Ce livre n’est pas destiné à quelqu’un en particulier, parce que cela me semblerait égoïste. Et sûrement, s’il m’était venu de le faire, j’aurais dû me justifier pour l’avoir dédié à untel plutôt qu’à un autre. Alors j’ai décidé que ce livre irait à tous ceux qui vivent en rêvant d’un ailleurs meilleur, qui se cherche sans découragement, et ceux qui chaque jour, prennent la route de leur rêve. Je ne cite pas de nom, je ne fais qu’une pensée au monde.

 

Prologue

 

 

1er août 2011, Times Square

 

La soirée du 1er août 2011 venait de commencer. Il était 23 h 30 quand nous avons décidé, Stacy, Lizzie, mes cousins et moi, d’enchaîner les bars réputés de la ville. Personne ne dormait. Personne n’était calme. Tout le monde barbotait dans le milieu de la nuit, le cœur battant. New York vivait constamment.

L’intérieur de l’établissement devenait de plus en plus étouffant, et pour peu, je pouvais presque suffoquer entre deux hurlements provenant de mes voisins d’une nuit. La fumée des cigarettes me faisait pleurer. Les boissons trop alcoolisées coulaient à flots dans nos verres en plastique déjà très abîmés. Les gens étaient serrés les uns aux autres et j’avais mal à la tête. La musique poussée à fond nous rendait à moitié sourd, et elle raisonnait encore dans nos cavités crâniennes, même après être finie. Il fallait sortir, ne serait-ce que pour une simple pause. Urgence vitale. Mais cette nuit – et même après toutes les supplications possibles et imaginables au reste de la troupe - seule Stacy a bien voulu m’y accompagner.

Stacy passait un bras sur mes épaules, et ensemble nous sortions prendre l’air frais de cette nuit new-yorkaise. La toute première d’une longue liste. Les voitures de police ou les ambulances fusaient sous notre nez. Les taxis prenaient n’importe qui, n’importe quand, n’importe où, sur coup de main en l’air ou de sifflement dans l’air.

Dans la rue, les millions d’inconnus rigolaient à ne plus en finir. Tout le monde se parlait sans vraiment se connaître. On pouvait entendre toutes sortes de choses, que ce soit de la musique provenant des bars environnants, des rires, des pleurs, des sirènes, le crépitement des flashs des appareils photo… Rien ne s’arrêtait, tout était dans la démesure, telle que cette grande ville l’est, telle qu’elle l’était dans mes rêves.

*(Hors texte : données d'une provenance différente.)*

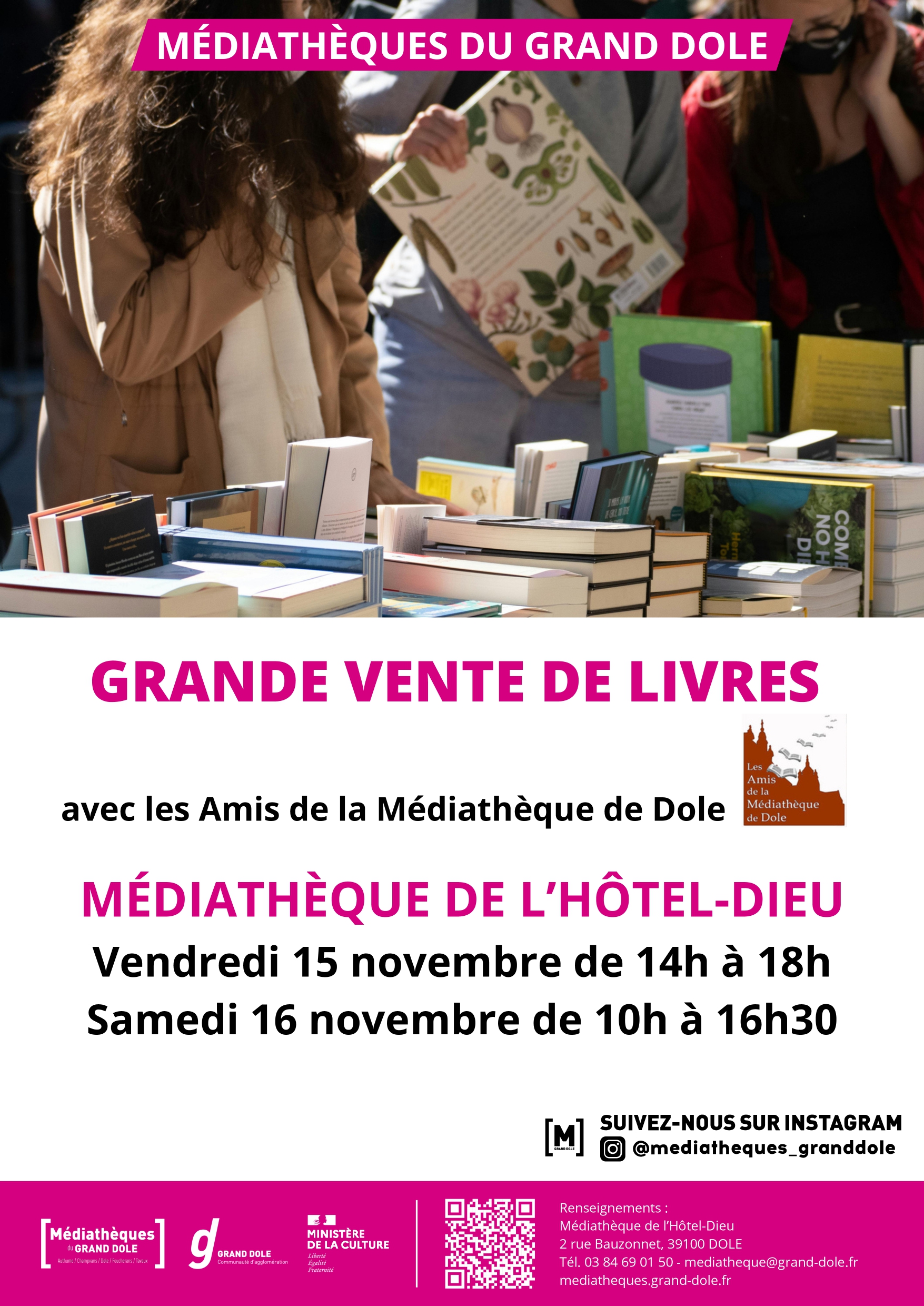 GRANDE VENTE DE LIVRES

Stacy allumait une cigarette que nous partagions à deux, et elle jetait sa canette de bière dans une poubelle qui débordait déjà. Nous avions beaucoup marché sans vraiment faire plus attention. On enchaînait les rues, une, deux et une troisième sur la 46e rue, ou la 49e ? Ça aussi, on n’y avait pas fait attention. Le lieu de fête que nous avions quitté n’était plus que l’ombre de nos souvenirs.

Nous rigolions, fumions, buvions. Nous étions inconscientes du danger de cette nuit. Quand on comprenait que nous étions au croisement des rues du monde, éblouies par les néons des panneaux publicitaires et autres enseignes de grandes marques, je proposai :

— Je devrais appeler un taxi !

A priori, cette simple phrase que des milliers de New-Yorkais prononcent chaque jour devrait être sans conséquence, voire d’un banal absolu. Mais…

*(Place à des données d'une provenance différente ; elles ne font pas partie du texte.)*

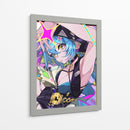Mística de Neón - Sae Art | Cuadro decorativo de Canvas Lab
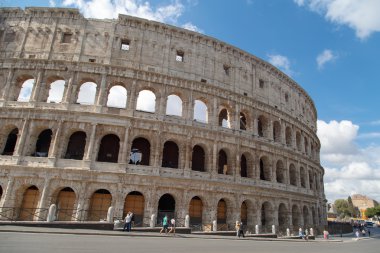 Antik amfitiyatro Colosseum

Sans attendre une réponse de mon amie, en reculant, je déboulais sur l’avenue, main en l’air appelant un des taxis. Stacy continuait de fumer et de boire une nouvelle canette sur le trottoir d’en face, malgré le fait que je lui avais dit de ralentir la cadence. Mais elle me faisait rire avec ses idioties, sa bière dégoulinant le long de son menton. En réalité, j’étais plus idiote qu’elle à cet instant.

Bam

Maintenant, je ressens une étrange sensation dans ma poitrine. J’ai mal. J’ai mal partout. J’ai mal au cœur, aux bras, aux jambes, à la tête. Je ne sais pas ce qui se passe. Comme une vue en contre-plongée, je vois des gens s’agglutiner autour de ce qui semble être… moi. Stacy est là aussi dans la marée humaine de touristes, me prenant la main tellement fort, que je sens celles-ci s’engourdir. Pourquoi elle fait ça, pourquoi elle pleure, pourquoi elle est si en colère ?

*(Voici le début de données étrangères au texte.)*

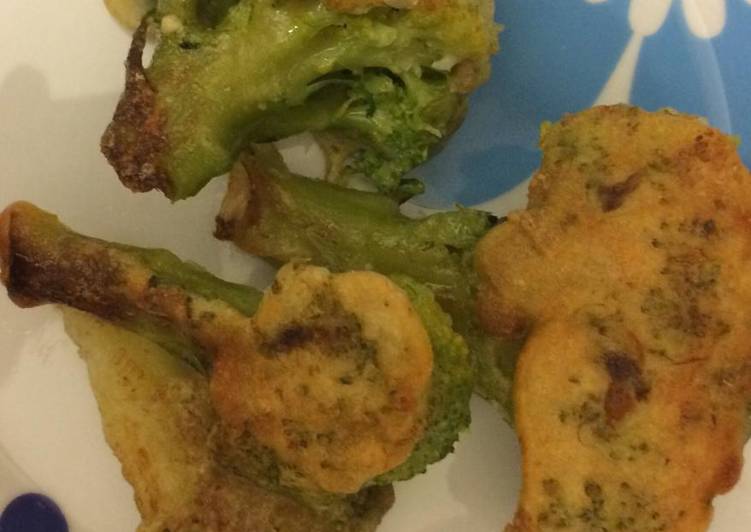 Ricetta Broccolo In Pastella Di Agata Privitera Cookpad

Les lumières continuent de m’aveugler, mais je ne peux m’en cacher. Mes bras restent bloqués, menottés le long de mon corps en agonie. J’aperçois les voitures s’arrêter devant la foule qui m’encercle. Un cercle, et moi qui pense être allongée au sol, ce sol crade et brûlant qui me retient. Et si en cet instant il y a bien une vérité, c’est que je suis bien encerclée par des visages horrifiés par le mien. Des « oh » ou « mon dieu » sont maintenant la seule musique bourdonnante que j’entends.

— Reste avec moi, Aly s’il te plaît, reste avec moi. Je suis qu’une conne, cria Stacy. Appelez une ambulance, vous attendez quoi bordel ?!

 

En quelque secondes, elle s’est mise à crier de plus en plus fort, pleurant des torrents de larmes chaudes qui coulaient comme des rivières sur ses joues, et qui atterrissaient en gouttelettes salées sur mon visage. Sa voix s’adoucit quand elle me supplie de rester avec elle encore une fois. Mais moi, je n’arrive pas à sortir un seul mot de ma bouche, ma mâchoire me fait horriblement mal. Je voudrais rire, gémir et pleurer moi aussi, parce que vu d’en haut, ça doit être un sacré beau spectacle de me voir allongée ici. Mais par-dessus tout, je voudrais lui dire de ne pas s’inquiéter, et que je l’aime, que je l’aimais comme ma sœur.

 

tam, tam,tam,tam, tam, tam,tam, tam, tam______________________________________________

 

C’est la ligne noire, bien droite vers l’infini, celle qui part on ne sait où, sinon vers les cieux. Maintenant, tout est différent. Les gens, le bruit, la fête, cette atmosphère particulière disparaît de ma vue. C’est le vide complet. Je ne vois plus rien, ne ressens plus rien, et je me sens incroyablement légère. Mes yeux se ferment petit à petit, ne laissant plus que mon corps aux mains de personnes étrangères qui cherchent tant bien que mal à me ramener à la vie.

D’ailleurs, elle est trop courte pour s’arrêter ainsi. Elle ne peut pas se finir avant que je n’aie vécu comme je le voudrais, avant que je devienne une personne telle que je rêverais d’être. Cette soirée aurait dû être parfaite, car nous allions commencer une nouvelle page de notre histoire. Malheureusement, il arrive un moment où tout est fini. Où nous ne pouvons ni marcher, ni bouger, ni manger, ni dormir. Ne plus vivre. La fin. Là où l’on sait que le monde dans lequel on a vécu s’éteint.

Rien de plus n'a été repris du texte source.